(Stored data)
********
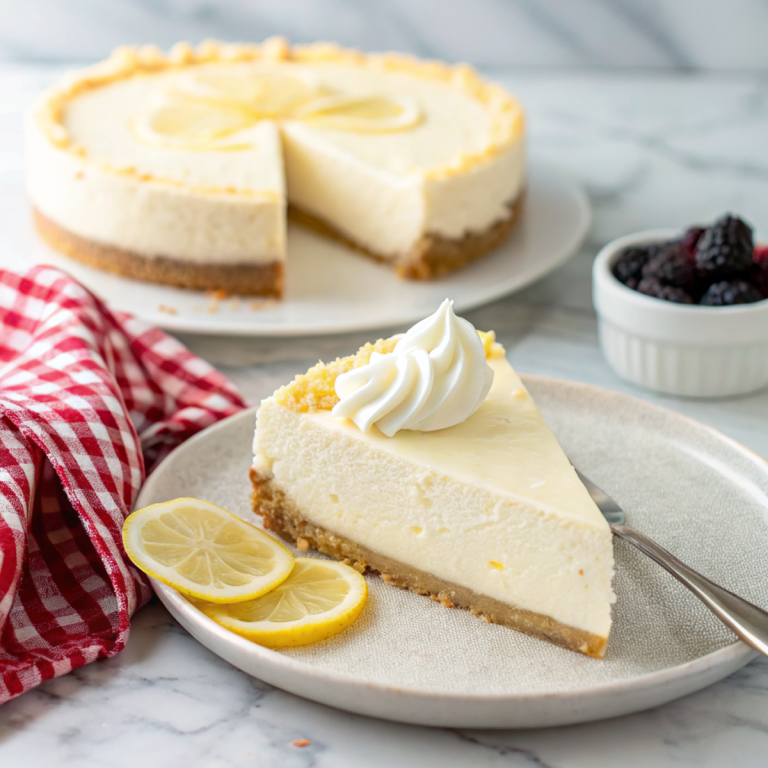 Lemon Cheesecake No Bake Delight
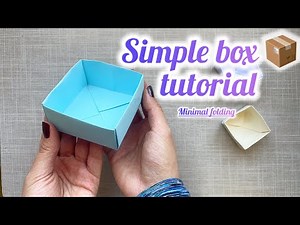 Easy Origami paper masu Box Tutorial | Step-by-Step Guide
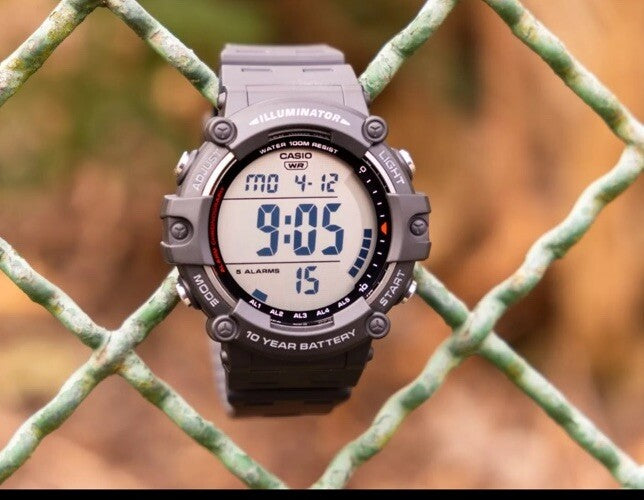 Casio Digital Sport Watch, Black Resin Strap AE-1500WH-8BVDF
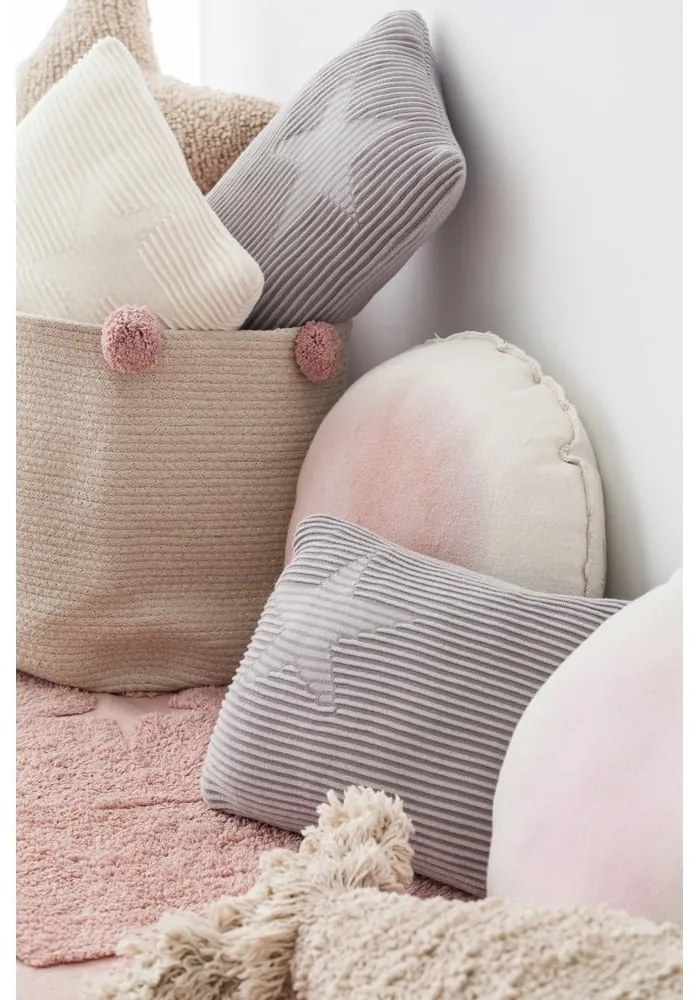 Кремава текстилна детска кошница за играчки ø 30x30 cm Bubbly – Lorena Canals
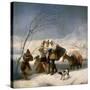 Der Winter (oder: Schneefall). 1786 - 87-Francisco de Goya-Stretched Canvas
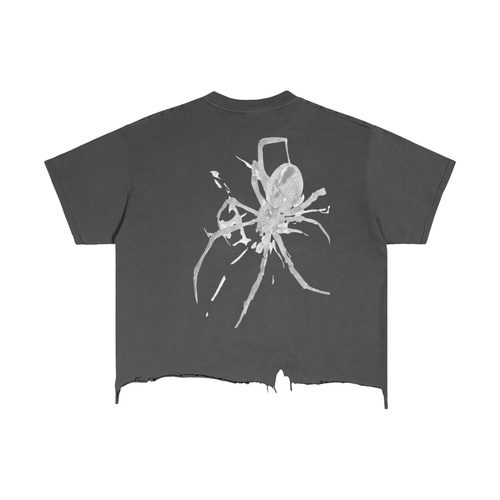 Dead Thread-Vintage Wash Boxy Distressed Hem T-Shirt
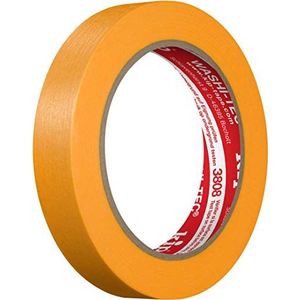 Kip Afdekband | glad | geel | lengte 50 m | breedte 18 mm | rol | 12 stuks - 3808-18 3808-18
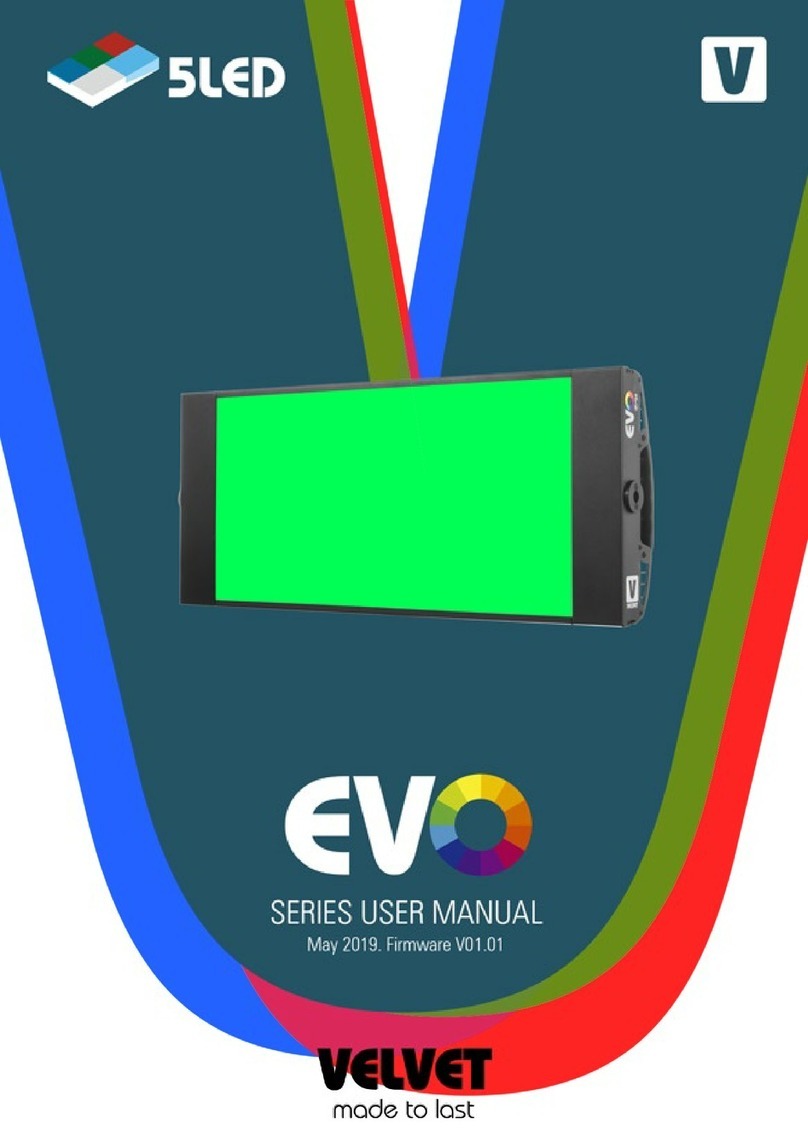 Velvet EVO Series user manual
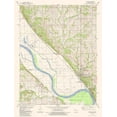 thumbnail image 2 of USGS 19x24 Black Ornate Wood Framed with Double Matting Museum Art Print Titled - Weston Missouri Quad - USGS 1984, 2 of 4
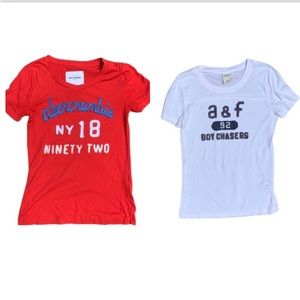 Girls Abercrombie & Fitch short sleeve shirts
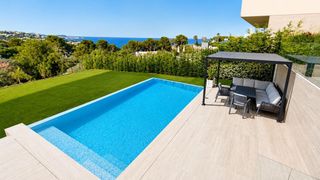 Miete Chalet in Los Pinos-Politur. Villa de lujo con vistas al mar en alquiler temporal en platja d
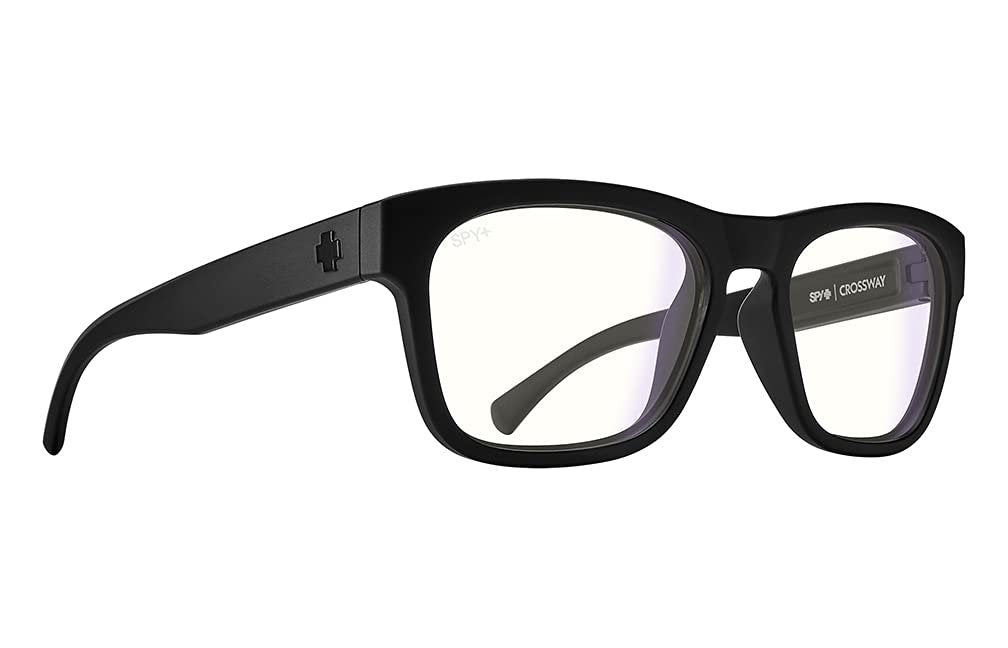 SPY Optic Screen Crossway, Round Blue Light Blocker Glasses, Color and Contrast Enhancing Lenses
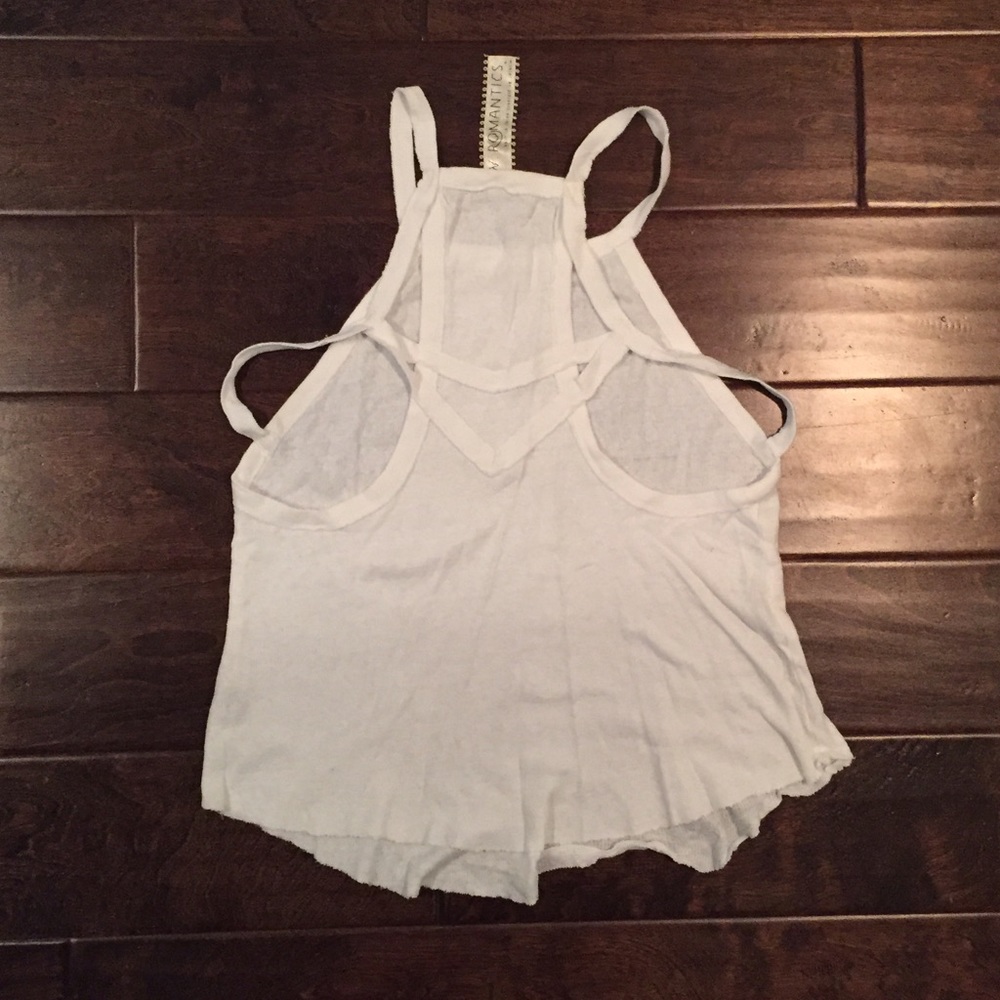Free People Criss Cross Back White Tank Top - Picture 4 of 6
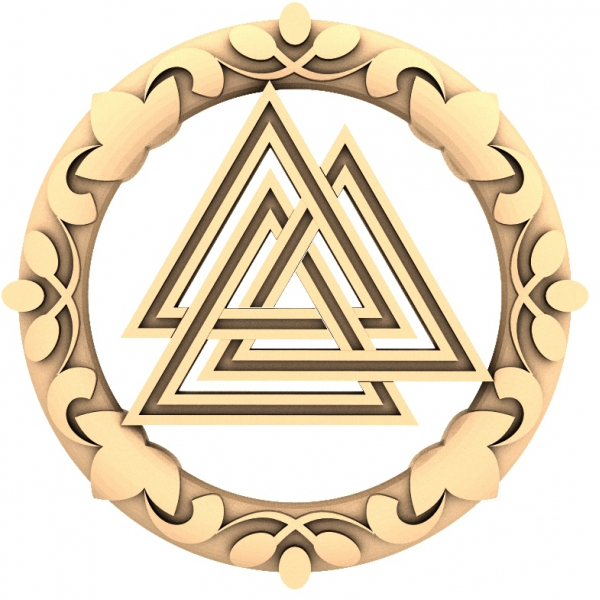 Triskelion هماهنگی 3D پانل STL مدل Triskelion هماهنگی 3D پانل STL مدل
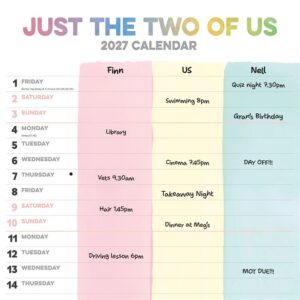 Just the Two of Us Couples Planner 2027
********
The stretch to restate runs from the line above containing "Dead Thread-Vintage Wash" through the line containing "thumbnail image 2". Copy it word for word, ends included, without pictures.

Answer space
 Dead Thread-Vintage Wash Boxy Distressed Hem T-Shirt
 Kip Afdekband | glad | geel | lengte 50 m | breedte 18 mm | rol | 12 stuks - 3808-18 3808-18
 Velvet EVO Series user manual
 thumbnail image 2 of USGS 19x24 Black Ornate Wood Framed with Double Matting Museum Art Print Titled - Weston Missouri Quad - USGS 1984, 2 of 4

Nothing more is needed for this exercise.